Estimates of PM2.5 Concentration Based on Aerosol Optical Thickness Data Using Ensemble Learning with Support Vector Machine and Decision Tree


  • Satith Sangpradid Department of Geoinformatics, Faculty of Informatics, Mahasarakham University, Thailand
  • Theeraya Uttha Department of Geoinformatics, Faculty of Informatics, Mahasarakham University, Thailand
  • Ilada Aroonsri Department of Business Digital, Faculty of Management Sciences, Valaya Alongkorn Rajabhat University Under the Royal Patronage, Thailand



Aerosol optical thickness, Decision tree, Machine learning, PM2.5, Support vector machine (SVM)

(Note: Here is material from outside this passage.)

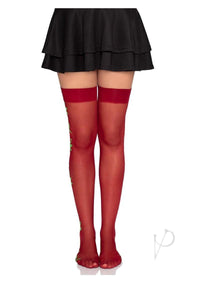 Spandex Thigh Highs Rose Side Os Red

Air pollution, particularly fine particulate matter with a diameter of 2.5 micrometers or less (PM2.5), is a significant public health concern in many regions worldwide, including the northeastern region of Thailand. This study investigates the correlation between PM2.5 concentrations and meteorological spatial datasets such as surface relative humidity (SRH), surface wind speed (SPD), visibility (Vis), surface temperature (ST), and aerosol optical thickness (AOT) in the region. GIS techniques and the inverse distance weighting technique were used to create spatial maps of the meteorological datasets and ground station PM2.5 measurements. Pearson correlation analysis was performed to examine the relationship between PM2.5 and the meteorological datasets. Decision tree and support vector machine (SVM) algorithms were employed to estimate PM2.5 concentrations based on the spatial datasets. The results showed that Vis and ST have a moderate positive linear relationship with PM2.5, while AOT has a moderate negative linear relationship. SRH and SPD have weak relationships with PM2.5. The decision tree and SVM algorithms demonstrated a strong positive correlation between estimated and measured PM2.5 concentrations. The study shows that machine learning algorithms can be effective tools for estimating PM2.5 concentration based on AOT data, and feature selection can improve model performance. Ensemble learning could be employed to further improve model performance, particularly in regions with high spatial variability. Overall, the study provides a promising approach for estimating PM2.5 concentration using machine learning algorithms and AOT data.